Engineering freedom in India

Author: Ricardo Tavares
Published: 2018-01-02

“In India, we first graduate in engineering; then we decide what to do in life,” Dr. BN Suresh, a Distinguished Professor at the India Space Research Organization (ISRO), told me during a conference in New Delhi. Dr. Y V N Krishnamurthy, Director of the government’s National Remote Sensing Centre, added that for poor young Indians in rural villages, “engineering is freedom,” the possibility of social mobility that starts with getting a seat in an engineering college via competitive exams.

Drs. Suresh and Krishnamurthy, however, have a problem: how to attract engineers to space research. Most Indian engineers go into information technologies, aspiring to work in one of India’s largest IT outsourcing companies (TCS, Wipro, Infosys, and HCL) or for top global technology companies. Fortunately for them, everything is becoming information technology, from cars to home appliances to health sensors to money itself, creating vast opportunities for Indian software engineers.

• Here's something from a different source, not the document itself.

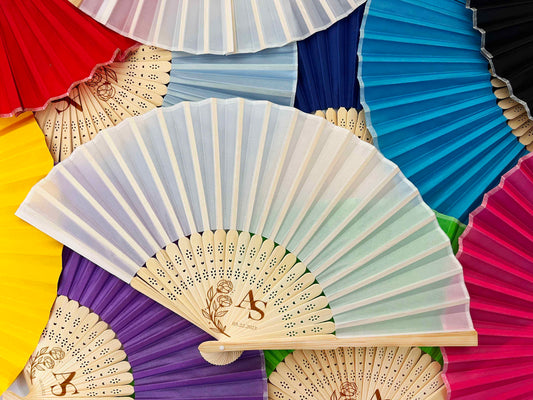 Personalized Custom Fabric Fans Gifts Engraved Folding Hand Fans Wedding Party Favors Gifts for Guests in Bulk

In 2016, India was second only to China in engineering graduates, according to Statista:

• China: 4.7mn
• India: 2.6mn
• U.S.: 568,000
• Russia: 561,000
• Iran: 335,000

In contrast to Chinese engineers, Indians get jobs abroad more frequently, and are more comfortable with English, as English is one of India’s primary languages. Since 1953, nearly twenty-five thousand top Indian engineers have settled in the U.S. alone. Many of them have become leaders of global technology majors, including:

• Sundar Pichai, CEO of Google
• Satya Nadella, CEO of Microsoft
• Shantanu Narayen, CEO of Adobe
• Francisco D’Souza, CEO of Cognizant
• Rajeev Suri, CEO of Nokia

Indian engineers are predominantly male. Of 1.1mn people who took exams for engineering schools in 2017, 72% were boys. Across engineering colleges, less than 30% of students are women.

The famous Indian Institutes of Technology (IITs), launched by the government in the early 1950s, represent just a small fraction of the student population. The 23 IITs carry only 11,000 seats in their undergraduate programs. But the IITs are at the top of engineering ranks for quality of education in India. They also represent the aspiration of freedom of the post-colonial political elites, who linked technology to India’s ability to succeed as a free country.

India’s focus on engineering has allowed IT and telecom to constitute the backbone of the emerging Indian middle class, with good paying jobs. It has also helped the country to sell software and related services abroad, with services exports that reached over $150bn a year in recent years, creating 3mn direct jobs. Those exports helped mitigate trade and current account deficits, boosting India’s macroeconomics and supporting economic reforms. The business model of selling low-cost technical skills, though, may be coming to an end soon, as machine learning software take over many of these functions. Technology markets are changing rapidly, and so must India’s engineering training and its IT business models.